Audio classification using Deep Neural Network
- This project was done working with audio files using librosa instead of scipy.
- Librosa uses mono audio sample conversion by default in 22050 Hz instead of scipy’s 11025Hz.
- Using librosa feature.mfcc (mel frequency cepstral coefficients) we can summarize the frequency distribution.
- MFCC helps us in analyzing the frequency and time characteristics of the source audio.
- Sequential model built along with adam optimizer.
- Dropout (to prevent overfitting) and batch normalization were used on each layer.
Movie Recommendation System
- Using tags, genres, average rating, and number of reviewers from different dataset are combined based on the movieID.
- Nans on the tags are filled with genres of the movie.
- As for preprocessing, nltk wordnet Lemmatization was used and the duplicate tags were removed.
- For visualization Joint plot from seaborn were used to represent the frequency of reviewers for the average rating. Word cloud was used to show the most frequently occurring word.
- Count Vectorizer is done to get the frequency count in each tag.
- Finally, the movie recommendation is done based on cosine similarity to compare similarity between the features where 1 and 0 being high and low similarity respectively.
Heart Failure
- Dataset that contains the person and health information of various candidates.
- Heatmap used to visually see the correlation between the feature to determine the required feature.
- Scaling is done using the sklearn library to bring the range of value between 0 and 1.
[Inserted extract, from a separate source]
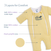 The HALO Baby Merlin's Magic Sleepsuit® 100% Cotton in yellow features white zippers and trim, with labeled comfort layers: soft cotton outer, 100% cotton lining, and plush polyfill—perfect for swaddle transition.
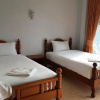 Отель Holiday Guesthouse, фото 6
- Balancing is done by oversampling the class 1 as about 67% of the target were 0.
- Using cross-fold validation for model selection to know the model with consistent performance.
- Ensemble models such as Random Forest and xgboost performed consistently better.
- Learning curve to know more about test and train score.
- Recall is used as evaluation as it is more suited for this scenario.
Fraudulent Transaction Detection
- Dataset consists of mixture of integer, float, and object types of features.
- MinMaxScaler is used for scaling the integer data between 0 and 1 whereas the categorical data are converted into integer data.
- The dataset was heavily imbalanced, hence SMOTE technique was used for balancing the dataset.
- Random forest model was used before and after using feature, the accuracy and runtime time were compared.